Any of the following (these are only examples - you can come up with
others of course) doubling strategies satisfy this condition:
1. Double at the first opportunity
2. Double iff I have a market loser [note: if you don't adopt this same
strategy, then I will have > 50% match chances; however, we've assumed
that you are a perfect player]
3. Double iff either (1) My cubeless chances are less than 50% or (2) If
I have a market loser
4. Double iff either (1) My cubeless chances are between 30% and 40% or (2) If
I have a market loser [30% is the approximate take/drop pt.]
5. Double before any moves have been played (if you allow this breach of
standard rules)
Suppose that before the 2-away/2-away game begins, I select one of the 5
doubling strategies above. Then I ask an impartial observer what my
match winning chances are. In all cases, the observer will have to
reason as follows: "This is the last game of the match, and it will be
played to completion. I know that Chris can win 50% of the time in a "1
pt. match," therefore, Chris must have exactly 50% match winning chances."
It does not matter where the double comes -- as long as I use a doubling
strategy that guarantees the game to be played to completion, with the
cube ending on 2, then I have reduced the match to exactly the next game,
which I have a 50% chance of winning.
Of course my actual winning chance will vary from move to move, and if when
I finally double, my winning chance is less than 50%, then at this point my
match winning chance will also be less than 50%. I'm not claiming my
match winning chance is 50% at the point of my double, I merely claim
someone who uses one of the 5 above doubling strategies will have exactly
50% match winning chances at the BEGINNING of the game, before any dice
have been rolled. Thus, if I can play a 1 pt. match perfectly, then
using any of the above strategies will give me exactly 50% winning
chances against a completely (checker & cube) player (God).
I hope this is convincing.
Chris
Christopher Yep
Christopher Yep <chri...@soda.berkeley.edu> wrote:
Some quick error corrections:
>2. Double iff I have a market loser [note: if you don't adopt this same
>strategy, then I will have > 50% match chances; however, we've assumed
>that you are a perfect player]
"iff" is too strong within my "note," I mean to say:
"2. Double iff I have a market loser [note: if you don't adopt a similar
strategy of at least doubling if you have a market loser (unless your
market losing sequence results in all of your wins being gammons), then I
will have > 50% match chances; however we've assumed that you are a perfect
player]"
(if some of the statements above seem difficult to justify, then think
about them for awhile)
>chances against a completely (checker & cube) player (God).

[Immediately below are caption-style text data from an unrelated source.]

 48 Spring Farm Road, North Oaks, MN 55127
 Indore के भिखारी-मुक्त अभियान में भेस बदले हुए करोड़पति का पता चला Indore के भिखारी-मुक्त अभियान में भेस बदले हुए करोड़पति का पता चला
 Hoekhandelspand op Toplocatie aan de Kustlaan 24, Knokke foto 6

should read: "... a completely perfect (checker & cube) player..."
Robert Koca
>Michael Zehr wrote:
>The problem with the proof "if I always double at first opportunity then
>I'm 50% because the game starts even" is that you *can't* double when the
>game is even (before either player rolls opening die) and afterwards
>it's no longer a 50% game.
>"If you're behind, you might as well not double, in case your opponent
>forgets to. If you're ahead, even if you have a market losing sequence,
>it might be worthwhile not doubling to give your opponent a chance to
>make a mistake later."
----
If my opponent is perfect player then my match equity is lower than or
equal to 50%. The strategy "double at first chance and play optimally
for a 1 point match" attains this bound. End of proof.

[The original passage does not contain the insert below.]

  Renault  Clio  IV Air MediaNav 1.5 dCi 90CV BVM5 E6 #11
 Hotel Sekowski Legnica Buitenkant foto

At the time of the double, of course the game is not exactly 50% anymore.
However the average over the doubles does equal 50%.
I stated that my model considered optimal play from the opponent.
If your opponent plays suboptimally you can maybe do better by waiting
as Michaelz suggests. Of course you might be the one who goofs up.
For practical play, I would suggest double immediately when playing a
opponent whose lessons cost more than yours. Another consideration
not included in my model is mental fatigue in a tournament. If
you have more matches that day and are playing a strong opponent,
then this would argue for doubling immediately.
,Bob Koca (bobk on FIBS)
ko...@orie.cornell.edu
Robin Davies
> Here is a proof that doubling on one's first turn
>is a version of optimal play when at 2 away 2 away match
>score. It supposes optimal play from opponent (otherwise
>one can possibly do better with technically incorect play).
>
> First of all suppose that there is no market loser possibility
>before one's first chance to turn cube.
>In other words, it is impossible to have winning chances
>less than X or greater than 1-X when you first have
>option to turn cube, where X:= equity when at 2 away 1 away crawford.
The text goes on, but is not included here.